Con casi 90 años, José Cestero (1937) le queda joven al Quijote, pero ha copiado su andar de La Mancha, perfeccionándolo en unas calles cien años más antiguas que la primera edición del caballero andante, y lo ha tomado como uno de sus personajes favoritos en sus cuadros.

No pudo imaginar Cervantes que cuatrocientos años después cobraría vida Alonso Quijano para navegar, no en los campos abiertos de Castilla, sino en la primera ciudad fundada del nuevo continente recién conocido en su época.

José Cestero, con pincel en sus manos, ha dado identidad al arte dominicano. Quizás ningún otro artista nacido en estas tierras ha logrado arrancar "esa esencia" que distingue las raíces de los pueblos.

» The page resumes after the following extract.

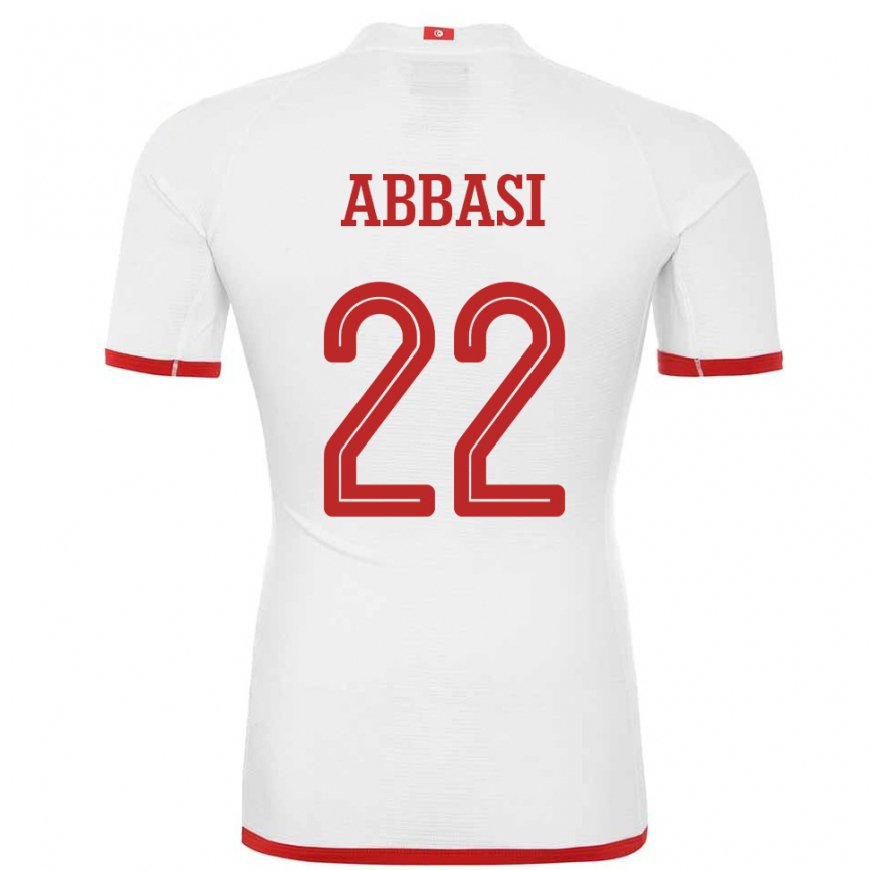 Kandiny Niño Camiseta Túnez Bechir Abbasi #22 Blanco 2ª Equipación 22-24 La Camisa Chile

Su arte comunica el aire, el olor, las tradiciones difusas y asentadas en las raíces de la patria quisqueyana.

No conozco, no he visto a ningún otro artista que en breves rasgos apresurados logre captar el olor de la guayaba, la bruma de las mañanas de la zona colonial entre amarillos cesterianos.

Un automatismo controlado porque está injertado en su memoria todos los rincones y grietas de las piedras plantadas por manos tainas bajo el azote español.

Cestero parece percibir aún el sudor de vapores calientes que destilan estas calles añejas. No se acerca a los llantos porque su luz no lo permite. Él siempre sonríe hasta de las sombras que brotan de sus lienzos.

Su sombrero roto de pajas, sus pantalones sucios de grises, su eterno tabaco y el aromático néctar marrón de "la cafetera", aquel icónico lugar descuidado donde osaban recurrir los intelectuales, se van esfumando, dejando a sus fantasmas a cargo de las ausencias.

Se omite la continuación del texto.